Lynn Stanley headshot

From the Editor

lynn stanley, SENIOR EDITOR

Lessons Learned


harles Kettering said that “99 percent of success is built on failure.” The Loudonville, Ohio, engineer considered failure a close friend and an important teacher. Kettering’s “failures” led him to invent the electric self-starter for the automobile. He helped to develop the first cash register and was instrumental in developing quick-drying automobile paints and finishes, the variable-speed transmission and the refrigerant Freon.
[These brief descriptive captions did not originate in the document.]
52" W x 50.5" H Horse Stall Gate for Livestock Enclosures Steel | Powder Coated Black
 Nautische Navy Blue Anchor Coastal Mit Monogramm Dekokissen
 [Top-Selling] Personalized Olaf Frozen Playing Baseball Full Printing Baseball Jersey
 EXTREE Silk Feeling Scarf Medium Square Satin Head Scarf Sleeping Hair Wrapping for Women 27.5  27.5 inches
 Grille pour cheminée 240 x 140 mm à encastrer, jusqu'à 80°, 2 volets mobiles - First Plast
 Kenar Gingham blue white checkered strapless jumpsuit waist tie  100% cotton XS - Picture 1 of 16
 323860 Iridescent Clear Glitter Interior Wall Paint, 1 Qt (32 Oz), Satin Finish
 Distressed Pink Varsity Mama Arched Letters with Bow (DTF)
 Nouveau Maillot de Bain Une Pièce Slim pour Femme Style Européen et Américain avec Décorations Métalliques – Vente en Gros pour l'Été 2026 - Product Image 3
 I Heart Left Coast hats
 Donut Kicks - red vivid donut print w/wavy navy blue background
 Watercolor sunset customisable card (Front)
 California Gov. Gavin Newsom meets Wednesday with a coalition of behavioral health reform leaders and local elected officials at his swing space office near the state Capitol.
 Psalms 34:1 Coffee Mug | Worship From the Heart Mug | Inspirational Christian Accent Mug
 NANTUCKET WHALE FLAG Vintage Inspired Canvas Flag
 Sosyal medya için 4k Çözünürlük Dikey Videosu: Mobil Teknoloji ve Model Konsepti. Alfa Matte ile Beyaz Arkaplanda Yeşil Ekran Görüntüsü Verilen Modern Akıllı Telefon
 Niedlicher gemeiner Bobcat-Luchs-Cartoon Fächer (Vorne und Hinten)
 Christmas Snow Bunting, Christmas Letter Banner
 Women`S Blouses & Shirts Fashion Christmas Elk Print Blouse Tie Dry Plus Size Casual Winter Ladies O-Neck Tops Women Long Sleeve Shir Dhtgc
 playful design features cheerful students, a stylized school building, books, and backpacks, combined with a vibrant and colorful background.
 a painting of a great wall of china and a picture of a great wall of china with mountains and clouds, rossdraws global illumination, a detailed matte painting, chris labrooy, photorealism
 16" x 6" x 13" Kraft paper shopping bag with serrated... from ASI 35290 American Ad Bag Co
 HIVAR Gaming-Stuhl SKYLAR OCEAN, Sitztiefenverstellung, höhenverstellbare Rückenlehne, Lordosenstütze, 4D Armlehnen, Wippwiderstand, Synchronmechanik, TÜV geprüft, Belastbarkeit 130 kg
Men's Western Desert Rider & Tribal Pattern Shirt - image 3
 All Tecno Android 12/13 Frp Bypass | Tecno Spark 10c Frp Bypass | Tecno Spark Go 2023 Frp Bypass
As an Ohio native, I’m a little biased when it comes to the Buckeye state’s long history of individuals who pioneered technology that changed the way people lived. Not far from where I live, Orville and Wilbur Wright made history at Huffman Prairie when they achieved the first sustained flight. Thomas Edison, another Ohioan, invented the first vacuum bulb with metal filaments for practical lighting, the movie camera and the first alkaline storage battery. Granville Woods, self-taught, worked his way up in the rail industry and is credited with 35 patents for electrical and mechanical devices that made significant improvements to the railroad system. Neil Armstrong, born in Wapakoneta, Ohio, was the first man to walk on the moon.

I was exposed to that intrepid spirit at home, as well. My mother grew up in the Appalachian foothills of Virginia. Her family relied on the land for their food. My grandfather worked with his hands, as a blacksmith and furniture maker. During World War II, employment at Wright Field [now Wright-Patterson Air Force Base] grew to 50,000 and from 30 buildings to 300. Wright Field established the first modern paved runways for the Air Corps. The activity and the chance for a better life drew my grandparents from the mountain to Dayton, Ohio.

You might wonder why I’m relating these bits of history to you and what they have to do with each other. If you look closer, an innate sense of curiosity, the passion to build or create something and the tenacity to follow through are the ties that bind these people and these events together. In the midst of a broken supply chain and a logistics network that’s been turned on its ear, it’s important to remember our roots as people, as an industry and a country.

If someone didn’t have what they needed, they figured out a way to make it. Ingenuity and a can-do attitude helped individuals and communities power through tough times. These characteristics also contributed to shaping the mainstays of manufacturing.

This month FFJournal introduces readers to three men: Dr. Don McNeeley, Ken Kaufmann Jr. and Scott Schrinner. They talk candidly about the challenges they face on a daily basis and offer perspective on some possible fixes to an infrastructure that has collapsed. After talking with each of them, I was reminded again of our roots.

I was also reminded of Charles Kettering’s words: “An inventor is simply a fellow who doesn’t take his education too seriously. You see, from the time a person is 6 years old until he graduates from college, he has to take three or four examinations a year. If he flunks once, he is out. But an inventor is almost always failing. He tries and fails maybe a thousand times. If he succeeds once, then he’s in. These two things are diametrically opposite. The biggest job we have is to teach a newly hired employee how to fail intelligently. We have to train him to experiment over and over and to keep on trying and failing until he learns what will work.”

From what we’ve experienced over the last couple years, maybe we can learn what will work.